New Girl star Jake Johnson may love the cool guys of cinema, but, he tells me, he isn't interested in playing them on screen. In his new film Win It All, Johnson stars as Eddie, the ultimate uncool guy: a down-on-his-luck gambler. "I feel like the 'gambler' character is a mostly down-on-his-luck guy," Johnson says via phone, a few days before the film's Apr. 7 premiere on Netflix. "I think there’s a thing about movies where lead characters are just so ridiculously cool all the time. I didn't want to make Eddie cool."
Despite having a deep love for the genre of gambling films and the suave characters who star in them, Johnson portrayed Eddie as being different from the norm. "I wanted Eddie to think he might be cool, but what makes him likable is he’s a goober. He’s a gambler and he’s deep in it," the actor explains. Getting older by the minute with no real job or stability to speak of, Eddie gambles at the card table and in real life, hoping to turn his luck around and make something of himself. After losing an insane amount of his friend's money, he has to quite literally win it all back or risk serious repercussions.
It's a nice change of pace for Johnson, who's spent the last several years cultivating an on-screen persona in shows like New Girl and movies like Drinking Buddies as an affable everyman who doesn't nail it 100 percent of the time but is always easy to root for. Eddie, though, goes a little bit deeper, with Johnson giving the gambler stereotype a more authentic spin than typically seen in movies and on TV.
That desire to change up expectations colored Johnson's entire creative process for Win It All, he says; although the movie came with a solid script, improvisation was encouraged from all the actors. "[We said], 'you can always be free to say anything and do anything… but you have certain things that were perfectly scripted how we wanted them,'" Johnson explains of his process alongside director Joe Swanberg, whom he's previously collaborated with on Drinking Buddies and Joshy. "Then, other moments we said, 'This is what we need. Let’s just let the moment happen.'"
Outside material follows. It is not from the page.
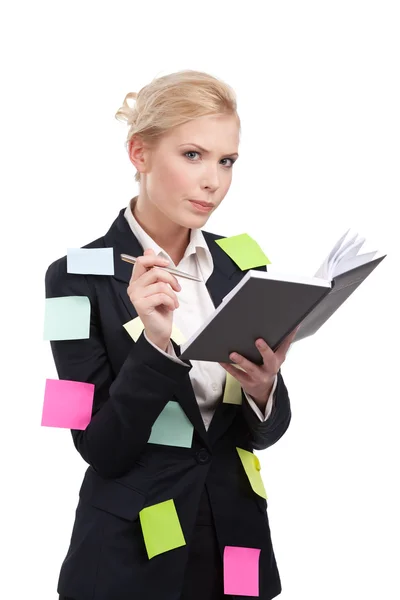 Young business woman in a black suit holding pen — Stock Photo, Image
Finding that perfect balance between improv and structure was what made, in part, Win It All Johnson's "favorite experience of the three and it was the closest to what [Swanberg] and I wanted our collaboration would be about." It allowed for Johnson to dig deep into the character of Eddie, and in bringing to life a more authentic version of the on-screen gambler, the actor helps Win It All become a hilarious but bitingly truthful entry into a well-worn genre of film.